Komitee kündigt kontroverse Entscheidung für Friedensnobelpreis an - Jagland: Wahl des Komitees ähnlich umstritten wie bei Obama = Oslo, 8. Oktober (AFP) - Eine sehr kontroverse Entscheidung bei der Vergabe des Friedensnobelpreis hat der Präsident des Norwegischen Nobel Komitees, Thorbjoern Jagland, am Freitagmorgen angekündigt.
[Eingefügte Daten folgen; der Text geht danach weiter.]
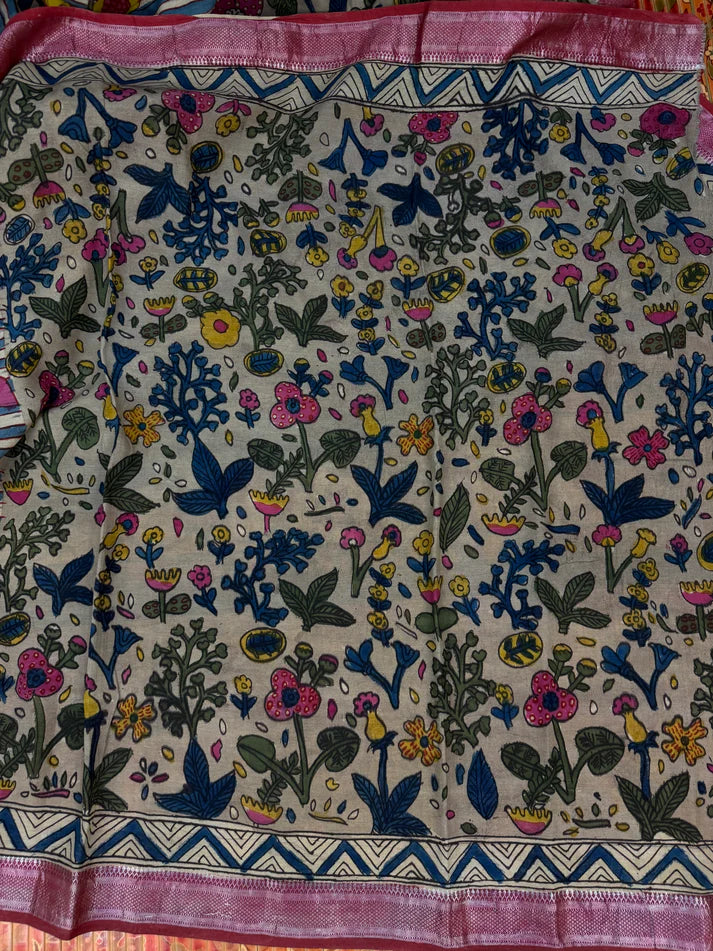 Elegant Kalamkari Floral Cotton Silk Saree with Striped Pallu & Contrast Blouse | Traditional Indian Ethnic Wear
Die Wahl des Komitees werde „eindeutig“ ähnlich umstritten sein, wie die Vergabe des Friedensnobelpreises an US-Präsident Barack Obama vergangenes Jahr, sagte Jagland kurz vor der offiziellen Bekanntgabe des diesjährigen Preisträgers in Oslo. „Sie werden verstehen, sobald Sie den Namen hören“, sagte Jagland in einem Interview mit dem norwegischen Fernsehsender TV2. Als Favorit für den Friedensnobelpreis gilt der chinesische Dissident Liu Xiaobo, der wegen der Mitwirkung bei der Verfassung und Verbreitung der sogenannten Charta 08, einem Aufruf zu umfassenden politischen Reformen in China, in Haft sitzt. Die chinesische Regierung hatte kürzlich das Nobel Komitee davor gewarnt, den Preis an Liu zu vergeben.
mal die Frage so in den Raum werf? Sie warnen vor welchen Konsequenzen?
Uns keinen Plastikschrott mehr verkaufen? Was ich durchaus als Erfolg werten wuerde. Aber ich fuerchte eher, dass der Xiaobo vergroessert wuerde.
Auch letztes Jahr wurde Kohl hoch gehandelt. Da waren ja grad 20 Jahre Mauerfall... Ich denke nicht, dass es Kohl wird.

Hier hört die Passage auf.